Normann was sufficiently successful to have a large ornamented wooden cabin built for him close to Balestrand in Norway, where he spent each summer. This picturesque area by Sognefjord had attracted quite a colony of artists, including Hans Gude and Hans Dahl. During the rest of the year he taught, mainly in Germany, and some of his students were sufficiently inspired by their teacher’s work to spend their summers painting in Norway too.
Munken gård in Esefjord was painted on the shore of this tributary to the mighty Sognefjord, in the south-west of Norway, near Normann’s summer cabin.
One of the regular passenger and cargo ferry services steams up an unidentified fjord in Normann’s The Steamship.
Sognefjord, Norway shows the country’s longest and deepest fjord, which carves its way due east from the southern bulge of the coastline. This view features Normann’s favourite small craft, and the sky and rock have become very painterly.
Norwegian Fjord may well be another view of Sognefjord, with similar boats on its slightly rippled mirror surface.
From Hardanger most probably shows Hardangerfjord, which drains the glaciated Hardangervidda plateau in central south-west Norway, emptying into the sea to the south of Bergen. The steamship appears to be one of the early cruise ships, which started to take tourists – some no doubt inspired by Normann’s paintings – around the coast of Norway during the late nineteenth century. Its flotilla of little steamboats is busy ferrying the visitors to the shore.

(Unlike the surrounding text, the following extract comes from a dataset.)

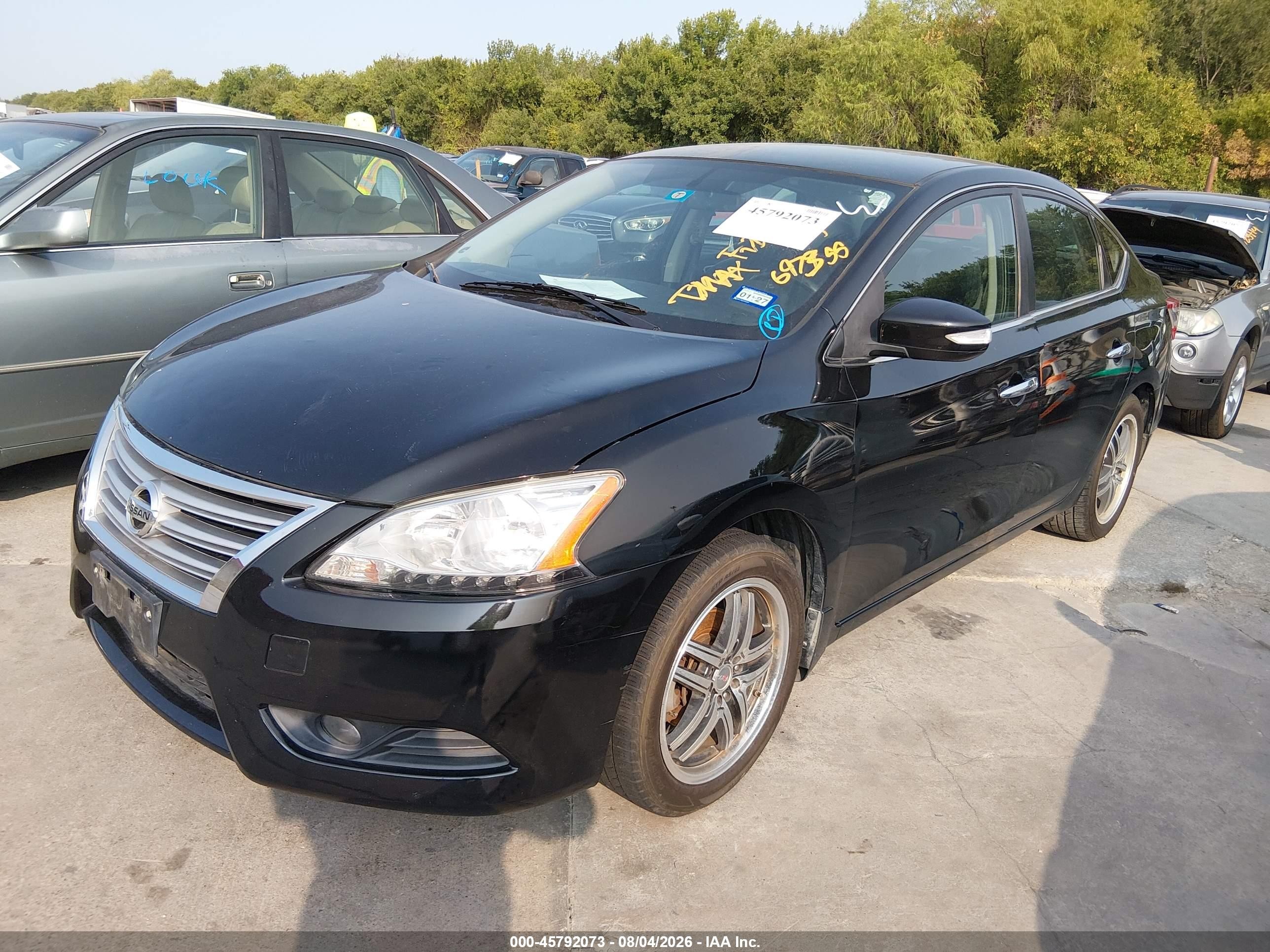 2013 Nissan Sentra Sl Black vin: 3N1AB7AP3DL697355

Sailing on the Fjord shows leisurely boating on an unidentified fjord.
Perhaps it was a result of the influence of Edvard Munch that some of Normann’s paintings are rich in chroma, and more painterly too.
Coastal Landscape appears to be a quick oil sketch, with the sun warming its colours, as a steamship makes its way along the middle of the fjord.
Sunset over the Fjord is also quite sketchy, but Normann has found time to paint in some seabirds flying along the small waves as they break in the foreground.
For this view of Northern Norway, Midnight Sun I suspect that Normann travelled north to the Lofoten Islands, where he had painted earlier in his career. A small group of seabirds, probably gannets, are in flight just above the glassy surface of the fjord, at the lower right.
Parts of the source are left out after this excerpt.